Une étude philologique réalisée selon la méthode traditionnelle de la critique textuelle ne constitue qu'une routine universitaire assez banale. Pourtant, le présent ouvrage surprendra certainement les hommes de culture qui ont coutume de croire que les langues négro-africaines ne s'écrivent que depuis l'expérience récente des missionnaires et des colonisateurs européens et qui recherchent exclusivement, dans les littératures orales, les valeurs culturelles de nos sociétés. Une telle situation rendrait donc nécessaire, en guise d'introduction, quelques explications d'ordre historique susceptibles de guider le lecteur à travers les divers milieux et les différents moments au sein desquels les manuscrits étudiés ici ont été élaborés, ce qui l'eût aidé à mieux comprendre les conditions qui en ont permis l'existence et la diffusion.

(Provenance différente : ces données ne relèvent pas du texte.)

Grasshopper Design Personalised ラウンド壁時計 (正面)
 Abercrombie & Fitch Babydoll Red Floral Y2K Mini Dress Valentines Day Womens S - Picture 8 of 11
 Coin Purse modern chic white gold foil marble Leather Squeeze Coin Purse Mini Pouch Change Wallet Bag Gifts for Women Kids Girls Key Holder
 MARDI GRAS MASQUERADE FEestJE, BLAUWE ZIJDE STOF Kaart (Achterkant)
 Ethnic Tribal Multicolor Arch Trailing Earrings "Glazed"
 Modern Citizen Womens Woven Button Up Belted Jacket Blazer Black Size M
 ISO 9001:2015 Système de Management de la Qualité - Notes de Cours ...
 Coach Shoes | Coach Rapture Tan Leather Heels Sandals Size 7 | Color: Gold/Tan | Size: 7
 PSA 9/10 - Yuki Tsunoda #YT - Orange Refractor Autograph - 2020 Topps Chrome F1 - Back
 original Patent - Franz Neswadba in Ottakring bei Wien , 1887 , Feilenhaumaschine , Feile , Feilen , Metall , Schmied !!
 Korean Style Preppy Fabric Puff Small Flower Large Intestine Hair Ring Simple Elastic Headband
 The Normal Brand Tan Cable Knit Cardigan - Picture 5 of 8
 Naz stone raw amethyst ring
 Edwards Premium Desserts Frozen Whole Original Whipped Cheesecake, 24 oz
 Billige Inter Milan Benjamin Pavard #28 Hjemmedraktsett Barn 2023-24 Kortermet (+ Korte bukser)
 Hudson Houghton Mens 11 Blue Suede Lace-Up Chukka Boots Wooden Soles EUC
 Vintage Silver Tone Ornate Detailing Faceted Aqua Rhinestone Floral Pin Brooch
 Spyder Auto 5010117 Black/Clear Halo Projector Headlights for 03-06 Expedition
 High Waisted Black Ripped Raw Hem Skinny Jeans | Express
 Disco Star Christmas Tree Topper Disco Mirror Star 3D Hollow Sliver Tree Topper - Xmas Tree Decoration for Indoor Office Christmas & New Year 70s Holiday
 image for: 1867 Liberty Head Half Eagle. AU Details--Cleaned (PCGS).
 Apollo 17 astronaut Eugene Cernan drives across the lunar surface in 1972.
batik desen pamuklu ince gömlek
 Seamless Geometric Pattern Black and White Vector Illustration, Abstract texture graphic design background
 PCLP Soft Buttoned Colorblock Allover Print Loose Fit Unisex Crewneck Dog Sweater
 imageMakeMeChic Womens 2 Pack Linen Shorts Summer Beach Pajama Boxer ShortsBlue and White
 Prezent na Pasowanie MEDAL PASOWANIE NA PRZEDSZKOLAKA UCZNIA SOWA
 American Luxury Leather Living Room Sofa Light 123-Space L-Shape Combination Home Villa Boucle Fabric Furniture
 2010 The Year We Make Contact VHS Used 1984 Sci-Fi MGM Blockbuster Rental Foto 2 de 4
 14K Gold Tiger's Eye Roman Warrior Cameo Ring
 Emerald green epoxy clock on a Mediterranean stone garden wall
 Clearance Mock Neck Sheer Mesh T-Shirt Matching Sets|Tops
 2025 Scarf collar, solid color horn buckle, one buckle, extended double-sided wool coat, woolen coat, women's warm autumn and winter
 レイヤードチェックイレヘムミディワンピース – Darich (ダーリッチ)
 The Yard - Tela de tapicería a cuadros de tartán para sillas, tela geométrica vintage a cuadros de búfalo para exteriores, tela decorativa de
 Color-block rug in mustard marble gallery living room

Néanmoins, cette question a largement été traitée, ces temps derniers, par un certain nombre d'auteurs et de chercheurs dont les observations restent parfaitement valables pour le cas qui nous occupe 1. En étudiant les problèmes particuliers que nous pose une œuvre classique comme Le Filon du Bonheur éternel de Tierno Muhammadu-Samba Mombeya, nous nous proposons d'examiner essentiellement la question des manuscrits afin d'en déterminer la signification aux yeux de ceux qui les écrivent, les possèdent, ou simplement les détiennent.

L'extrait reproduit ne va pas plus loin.